Fenomena ini menunjukkan bahwa ketidakpastian global menciptakan peluang baru bagi negara yang memiliki keunggulan: sumber daya alam yang kaya, stabilitas makroekonomi, dan posisi geoekonomi yang strategis.

Namun, Kadin Indonesia Institute mengingatkan bahwa derasnya investasi ini perlu diarahkan dengan kebijakan yang jelas agar berdampak jangka panjang. Fakhrul menyoroti tiga rekomendasi kunci:

  1. Peta Jalan Investasi Sektoral
    Diperlukan regulasi progresif terkait kepemilikan asing, transfer teknologi, dan kontribusi pada ketahanan energi nasional. Roadmap ini akan menjadi acuan dan penyaring investasi berkualitas.
  2. Kelembagaan Hilirisasi Terpadu
    Hilirisasi energi dan logam, dari gas hingga aluminium dan air, harus dikelola secara terintegrasi melalui lembaga lintas sektor yang menyatukan kebijakan, insentif, dan pengelolaan ekosistem industri.
  3. Ekosistem Pembiayaan Inovatif
    Skema pembiayaan konvensional tidak cukup untuk mendukung investasi besar. Indonesia perlu memperkuat instrumen seperti green bonds, skema co-investment publik-swasta, dan regulasi pembiayaan proyek strategis.

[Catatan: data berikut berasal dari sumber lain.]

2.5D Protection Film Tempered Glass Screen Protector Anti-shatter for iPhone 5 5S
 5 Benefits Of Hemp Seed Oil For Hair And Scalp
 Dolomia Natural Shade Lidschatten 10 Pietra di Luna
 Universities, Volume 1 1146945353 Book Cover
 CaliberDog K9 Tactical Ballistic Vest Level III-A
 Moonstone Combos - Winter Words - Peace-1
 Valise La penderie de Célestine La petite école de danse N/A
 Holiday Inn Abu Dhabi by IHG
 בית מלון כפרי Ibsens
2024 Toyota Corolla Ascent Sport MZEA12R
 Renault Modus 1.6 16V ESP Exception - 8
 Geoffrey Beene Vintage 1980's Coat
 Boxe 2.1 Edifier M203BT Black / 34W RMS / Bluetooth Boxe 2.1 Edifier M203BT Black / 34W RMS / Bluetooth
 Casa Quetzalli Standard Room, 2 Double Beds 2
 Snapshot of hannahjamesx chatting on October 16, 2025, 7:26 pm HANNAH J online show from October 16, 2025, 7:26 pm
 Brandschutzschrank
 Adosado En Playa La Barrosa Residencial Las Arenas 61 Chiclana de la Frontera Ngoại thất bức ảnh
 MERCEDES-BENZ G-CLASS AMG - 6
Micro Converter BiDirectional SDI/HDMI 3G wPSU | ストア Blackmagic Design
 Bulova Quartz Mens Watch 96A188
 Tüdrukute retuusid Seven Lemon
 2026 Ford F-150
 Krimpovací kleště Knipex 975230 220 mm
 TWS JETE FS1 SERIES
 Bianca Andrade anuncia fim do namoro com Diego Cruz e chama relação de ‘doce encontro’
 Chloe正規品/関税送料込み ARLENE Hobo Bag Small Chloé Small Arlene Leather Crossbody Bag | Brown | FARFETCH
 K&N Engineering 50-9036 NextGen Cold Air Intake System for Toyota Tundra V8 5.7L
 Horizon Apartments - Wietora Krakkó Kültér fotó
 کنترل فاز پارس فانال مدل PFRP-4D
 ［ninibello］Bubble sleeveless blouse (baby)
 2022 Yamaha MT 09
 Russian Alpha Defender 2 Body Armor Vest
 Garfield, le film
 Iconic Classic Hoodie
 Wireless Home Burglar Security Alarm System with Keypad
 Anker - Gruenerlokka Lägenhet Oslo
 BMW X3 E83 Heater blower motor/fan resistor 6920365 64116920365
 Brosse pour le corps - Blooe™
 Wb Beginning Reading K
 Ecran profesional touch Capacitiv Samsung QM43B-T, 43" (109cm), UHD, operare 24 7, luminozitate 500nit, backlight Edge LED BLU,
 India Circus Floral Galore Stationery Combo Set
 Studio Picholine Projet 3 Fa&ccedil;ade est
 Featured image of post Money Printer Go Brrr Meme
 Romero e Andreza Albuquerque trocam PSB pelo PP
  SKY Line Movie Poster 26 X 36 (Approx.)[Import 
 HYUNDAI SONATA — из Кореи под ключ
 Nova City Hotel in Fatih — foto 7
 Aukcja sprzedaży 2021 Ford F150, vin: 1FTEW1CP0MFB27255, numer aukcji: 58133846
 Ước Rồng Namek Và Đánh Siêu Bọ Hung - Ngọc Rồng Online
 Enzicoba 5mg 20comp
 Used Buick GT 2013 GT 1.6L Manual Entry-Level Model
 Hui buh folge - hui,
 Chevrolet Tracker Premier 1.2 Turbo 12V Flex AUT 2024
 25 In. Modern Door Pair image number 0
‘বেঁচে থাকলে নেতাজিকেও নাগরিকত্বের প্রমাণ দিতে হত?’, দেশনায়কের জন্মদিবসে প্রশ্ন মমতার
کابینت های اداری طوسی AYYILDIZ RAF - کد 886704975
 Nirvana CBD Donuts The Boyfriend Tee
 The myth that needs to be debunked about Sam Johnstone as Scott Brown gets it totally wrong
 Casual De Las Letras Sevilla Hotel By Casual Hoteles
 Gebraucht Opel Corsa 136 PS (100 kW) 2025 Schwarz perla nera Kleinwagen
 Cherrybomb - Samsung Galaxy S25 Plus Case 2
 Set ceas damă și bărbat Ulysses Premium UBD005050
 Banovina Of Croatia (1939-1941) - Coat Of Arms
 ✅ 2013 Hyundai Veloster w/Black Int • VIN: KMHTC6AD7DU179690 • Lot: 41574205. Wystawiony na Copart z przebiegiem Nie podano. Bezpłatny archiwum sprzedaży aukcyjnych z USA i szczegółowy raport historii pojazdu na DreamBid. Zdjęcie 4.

“Tanpa kelembagaan yang solid dan pembiayaan yang inovatif, investasi besar ini bisa lewat begitu saja. Kita harus berpikir jangka panjang,” tambah Fakhrul.

Di tengah fragmentasi global, banyak negara mencari mitra baru yang stabil dan berkelanjutan dalam rantai pasok energi, logam, dan pangan. Indonesia, dengan kekayaan nikel, bauksit, dan potensi energi terbarukan, berada dalam posisi yang sangat strategis — namun peluang ini tidak akan terbuka selamanya.

“Yang dibutuhkan saat ini adalah arah pembangunan yang jelas dari pemerintah, serta eksekusi cepat dari dunia usaha,” ujar Fakhrul.

Masuknya investasi USD10 miliar bukan sekadar pencapaian ekonomi — ini adalah panggilan untuk merancang ulang strategi industri energi dan logam nasional. Diperlukan integrasi kebijakan lintas sektor, penguatan institusi, dan terobosan pembiayaan agar momentum ini menjadi lompatan besar menuju masa depan.

Indonesia kini bukan lagi sekadar tujuan investasi, melainkan pemain strategis dalam tatanan ekonomi global baru. Tantangannya kini adalah keberanian mengambil keputusan struktural dan mempercepat transformasi yang sudah di depan mata.